• **Exercise goal**
From the line that contains "First, let's look" to the end of the entries, copy each line exactly, though the pictures stay out.

Extracted records:
◆ ◆ ◆ ◆ ◆ ◆ ◆

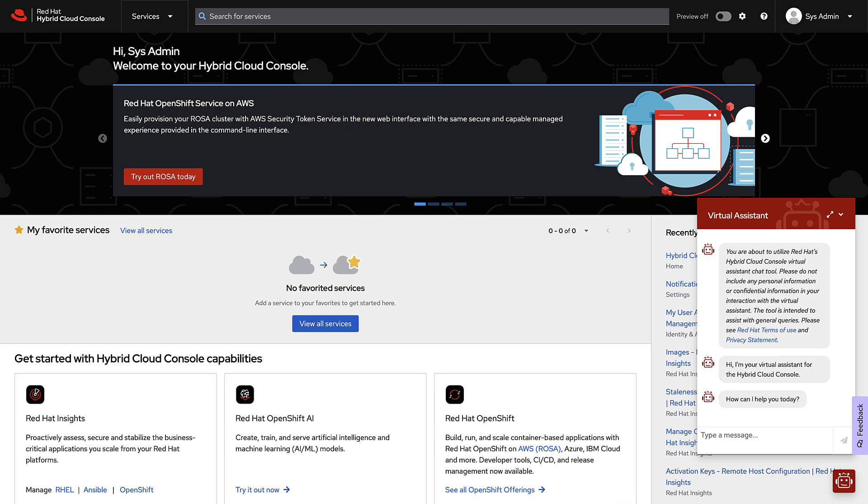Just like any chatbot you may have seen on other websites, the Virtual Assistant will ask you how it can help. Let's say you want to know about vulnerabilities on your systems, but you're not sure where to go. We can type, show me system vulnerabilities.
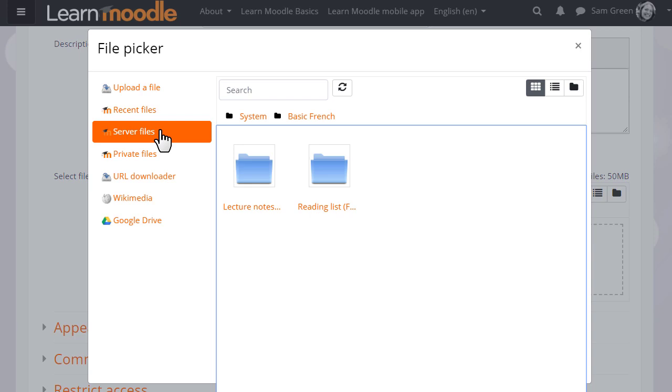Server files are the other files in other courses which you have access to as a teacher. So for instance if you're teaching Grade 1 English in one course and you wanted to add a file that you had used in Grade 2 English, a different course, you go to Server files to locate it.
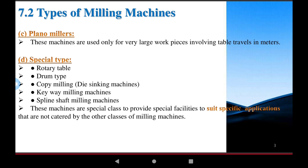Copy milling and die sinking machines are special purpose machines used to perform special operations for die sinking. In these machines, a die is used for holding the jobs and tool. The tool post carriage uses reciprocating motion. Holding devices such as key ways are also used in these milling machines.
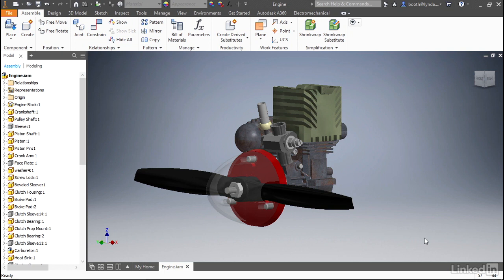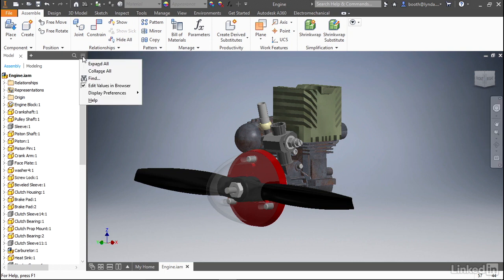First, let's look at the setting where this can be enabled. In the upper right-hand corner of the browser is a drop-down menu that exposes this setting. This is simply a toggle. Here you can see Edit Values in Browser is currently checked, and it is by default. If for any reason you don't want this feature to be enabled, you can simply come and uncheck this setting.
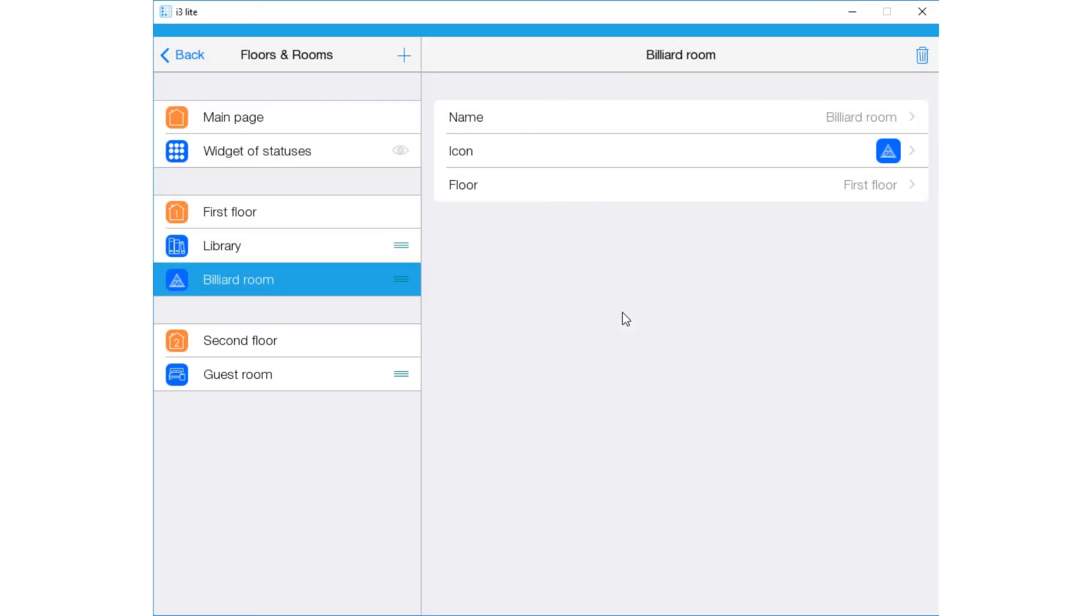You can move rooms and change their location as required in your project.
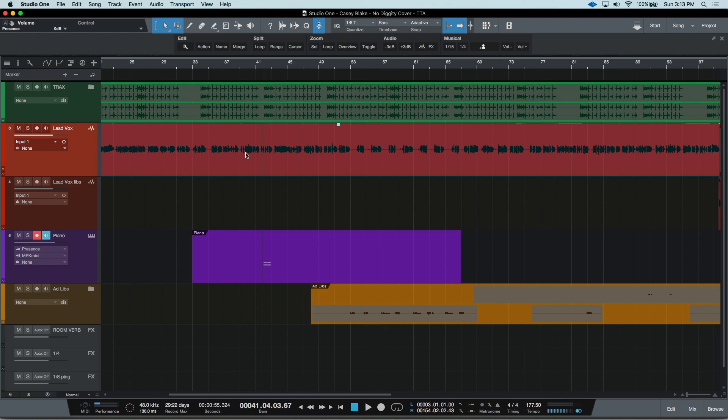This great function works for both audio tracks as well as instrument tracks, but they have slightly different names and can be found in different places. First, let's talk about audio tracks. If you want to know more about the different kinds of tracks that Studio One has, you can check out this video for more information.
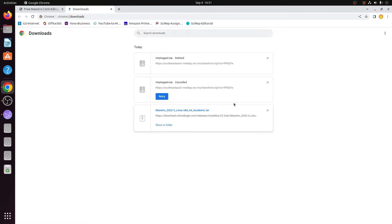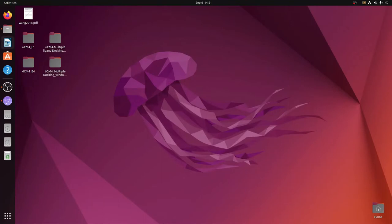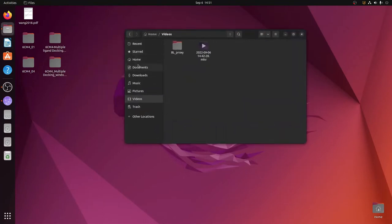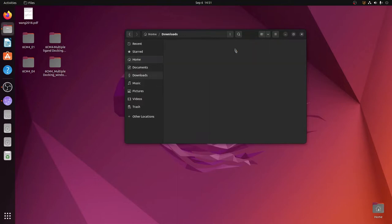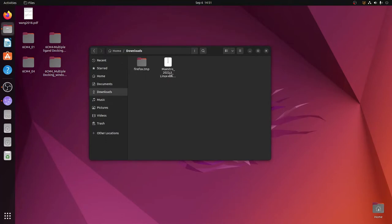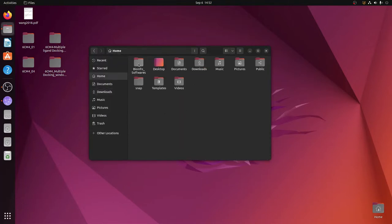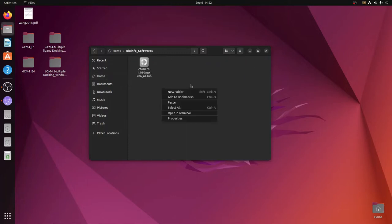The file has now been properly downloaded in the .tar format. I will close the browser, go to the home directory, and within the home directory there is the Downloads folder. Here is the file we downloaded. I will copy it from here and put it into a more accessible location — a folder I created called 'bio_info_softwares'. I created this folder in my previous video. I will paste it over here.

◆ ◆ ◆ ◆ ◆ ◆ ◆

• **Answer section**
First, let's look at the setting where this can be enabled. In the upper right-hand corner of the browser is a drop-down menu that exposes this setting. This is simply a toggle. Here you can see Edit Values in Browser is currently checked, and it is by default. If for any reason you don't want this feature to be enabled, you can simply come and uncheck this setting.
You can move rooms and change their location as required in your project.
This great function works for both audio tracks as well as instrument tracks, but they have slightly different names and can be found in different places. First, let's talk about audio tracks. If you want to know more about the different kinds of tracks that Studio One has, you can check out this video for more information.
The file has now been properly downloaded in the .tar format. I will close the browser, go to the home directory, and within the home directory there is the Downloads folder. Here is the file we downloaded. I will copy it from here and put it into a more accessible location — a folder I created called 'bio_info_softwares'. I created this folder in my previous video. I will paste it over here.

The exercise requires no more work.